The Dangers of Smokeless Tobacco

Smokeless tobacco users are at high risk of developing the following
Cancer of the mouth, tongue, and pharynx (voice box)
Leukoplakia (thickened, whitish oral lesions that can lead to cancer)
Nicotine addiction
Gum recession (gums pulling back away from the teeth) and periodontal (gum) disease
Bone loss around the teeth, so teeth can become loose
Abrasion and staining of teeth
Cardiovascular disease, including high blood pressure
Diminished appetite
Persistent bad breath
A Highly Toxic, and
Addictive Drug
Nicotine is a drug that occurs naturally in all forms of tobacco. Studies have shown that the body becomes physically and psychologically addicted to nicotine. Smokeless tobacco delivers a powerful dose of nicotine directly to the bloodstream.
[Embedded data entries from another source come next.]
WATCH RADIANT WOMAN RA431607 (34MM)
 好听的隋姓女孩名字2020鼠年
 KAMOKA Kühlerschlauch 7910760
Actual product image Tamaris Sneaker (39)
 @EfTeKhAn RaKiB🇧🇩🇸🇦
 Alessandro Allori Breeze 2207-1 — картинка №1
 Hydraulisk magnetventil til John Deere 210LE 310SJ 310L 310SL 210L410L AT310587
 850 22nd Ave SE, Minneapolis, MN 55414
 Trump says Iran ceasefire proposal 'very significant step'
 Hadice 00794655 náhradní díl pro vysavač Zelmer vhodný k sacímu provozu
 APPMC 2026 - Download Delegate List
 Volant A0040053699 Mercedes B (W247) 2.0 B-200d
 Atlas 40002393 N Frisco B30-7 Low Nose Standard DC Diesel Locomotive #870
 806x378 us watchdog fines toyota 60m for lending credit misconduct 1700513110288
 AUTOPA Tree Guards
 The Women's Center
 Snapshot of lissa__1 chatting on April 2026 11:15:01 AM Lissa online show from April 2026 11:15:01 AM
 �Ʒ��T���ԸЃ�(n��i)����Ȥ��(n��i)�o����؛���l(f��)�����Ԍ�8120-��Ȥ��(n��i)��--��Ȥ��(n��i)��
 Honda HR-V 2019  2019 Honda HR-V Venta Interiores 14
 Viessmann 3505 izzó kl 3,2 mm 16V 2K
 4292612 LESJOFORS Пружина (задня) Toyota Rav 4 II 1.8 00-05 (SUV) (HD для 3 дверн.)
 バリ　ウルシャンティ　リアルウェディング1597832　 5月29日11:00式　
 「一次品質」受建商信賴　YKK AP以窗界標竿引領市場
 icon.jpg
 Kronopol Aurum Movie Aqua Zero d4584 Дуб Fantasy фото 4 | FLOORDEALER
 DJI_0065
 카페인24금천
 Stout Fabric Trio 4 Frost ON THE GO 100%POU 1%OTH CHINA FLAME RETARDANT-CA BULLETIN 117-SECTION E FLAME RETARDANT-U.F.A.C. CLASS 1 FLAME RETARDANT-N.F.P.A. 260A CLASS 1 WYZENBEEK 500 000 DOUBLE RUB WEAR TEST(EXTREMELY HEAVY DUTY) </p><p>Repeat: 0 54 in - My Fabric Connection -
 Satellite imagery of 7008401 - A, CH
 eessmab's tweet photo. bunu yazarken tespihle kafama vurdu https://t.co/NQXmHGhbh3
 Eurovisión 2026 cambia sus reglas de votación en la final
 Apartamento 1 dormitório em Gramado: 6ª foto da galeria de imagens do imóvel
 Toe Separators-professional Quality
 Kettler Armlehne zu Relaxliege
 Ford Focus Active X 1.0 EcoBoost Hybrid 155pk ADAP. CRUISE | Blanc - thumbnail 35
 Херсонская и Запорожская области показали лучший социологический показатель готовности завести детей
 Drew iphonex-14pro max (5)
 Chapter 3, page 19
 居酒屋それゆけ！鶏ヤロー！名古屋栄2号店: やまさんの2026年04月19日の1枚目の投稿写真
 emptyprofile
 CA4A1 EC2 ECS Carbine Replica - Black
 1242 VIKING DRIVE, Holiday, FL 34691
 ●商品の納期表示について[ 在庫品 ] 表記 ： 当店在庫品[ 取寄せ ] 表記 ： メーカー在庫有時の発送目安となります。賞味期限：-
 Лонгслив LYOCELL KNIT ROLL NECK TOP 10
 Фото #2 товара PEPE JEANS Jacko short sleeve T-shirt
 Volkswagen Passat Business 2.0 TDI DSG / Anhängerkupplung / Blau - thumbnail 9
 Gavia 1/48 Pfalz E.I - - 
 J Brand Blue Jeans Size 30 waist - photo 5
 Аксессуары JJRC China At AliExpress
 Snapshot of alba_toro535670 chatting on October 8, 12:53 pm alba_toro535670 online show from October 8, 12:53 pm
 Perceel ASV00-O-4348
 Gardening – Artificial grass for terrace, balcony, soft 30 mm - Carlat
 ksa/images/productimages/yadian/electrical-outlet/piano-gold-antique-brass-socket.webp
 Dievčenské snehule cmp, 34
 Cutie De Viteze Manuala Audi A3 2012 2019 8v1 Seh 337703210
The level of nicotine in a smokeless tobacco users blood can be even higher than that of a cigarette smoker.
By itself, chewing tobacco has a bitter flavor. To make it more appealing, manufacturers add sugar and salt to the mix, as well as a gritty substance (which wears away tooth enamel) and nitrosamines (a known cancer-causing agent). To date, 28 cancer-causing substances have been identified in smokeless tobacco.
Danger Signs of Oral Cancer
Long-term users of smokeless tobacco have a 50% greater risk of developing oral cancer than non-users, and pain is rarely an early symptom of this serious disease. Because of this, it can progress to an advanced stage, for which treatment is not only less effective, but disfiguring. Be sure to let us know if you notice any of the following symptoms
A lump or thickened, whitish patch (leukoplakia)
A sore that doesnt heal
Difficulty chewing
A prolonged sore throat, or a feeling that you have something stuck in your throat
Restricted movement in your tongue or your jaws
Diminished appetite
Persistent bad breath
If lesions develop, sometimes simply quitting the smokeless tobacco habit will eliminate the lesions. But if the lesions are long-standing, surgical removal is often necessary. Biopsy (microscopic examination of a tissue sample) is a must for all tobacco-related lesions to make an accurate diagnosis and ensure that no cancer cells are present.